America's postwar recession and high cost of living thrust Nevada’s wage earners into economic chaos. Wartime "no strike" pledges and government controls had prevented wages from keeping pace with inflation. Nevada's workers toiled ten- to twelve-hour days under perilous working conditions, and received pay not much higher than during the 1870s. Laborers, becoming increasingly frustrated and disillusioned, formed unions to represent them. Most Nevadans were sympathetic to the workingman's plight, and urged employers to grant wage increases and upgrade working conditions.

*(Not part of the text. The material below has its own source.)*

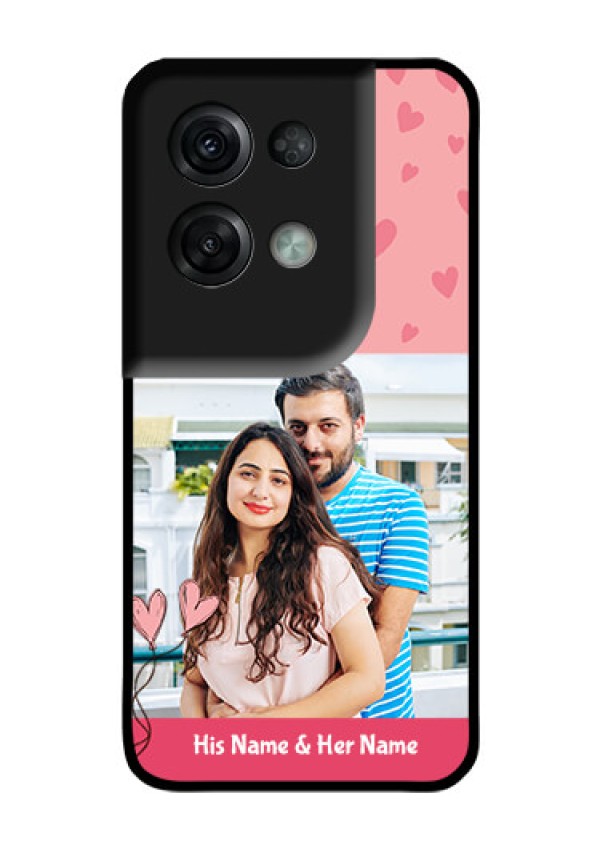 Oppo Reno 8 Pro 5G Personalized Glass Phone Case - Love Design Peach Color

However, Nevadans did distrust one union, the Industrial Workers of the World (IWW). Swept up in the national hysteria, Nevadans became obsessed with "communists" and plots to overthrow the country. Perceiving the IWW, or Wobblies as they were called, as a grave radical threat, citizens adamantly opposed IWW unions in the state. Ironically, minimal “Wobbly” activity existed in Nevada. Even so, its few IWW members were harassed, and small incidents were frequently distorted and exaggerated. Nevada's intolerance toward radicals contributed greatly to this harassment and eventually led to repressive measures, unbridled, eliminating Wobbly agitators in the state. Founded in 1905 by a group of prominent socialists, the Industrial (or International) Workers of the World was an effectively organized union challenging "the American way of life." Influenced by Marxian ideology, the Wobblies encouraged workers to overthrow the government, destroy capitalism, and seize the means of production. They preached the organization of all skilled and unskilled laborers into "One Big Union," and were especially attractive to poorly paid, badly treated, unskilled immigrant laborers. Primarily a western movement, the IWW gained much of its support from miners, lumberjacks, construction gangs and migratory farm hands. The unjust and oppressive working conditions these groups encountered made the I.W.W.'s unconventional methods highly attractive.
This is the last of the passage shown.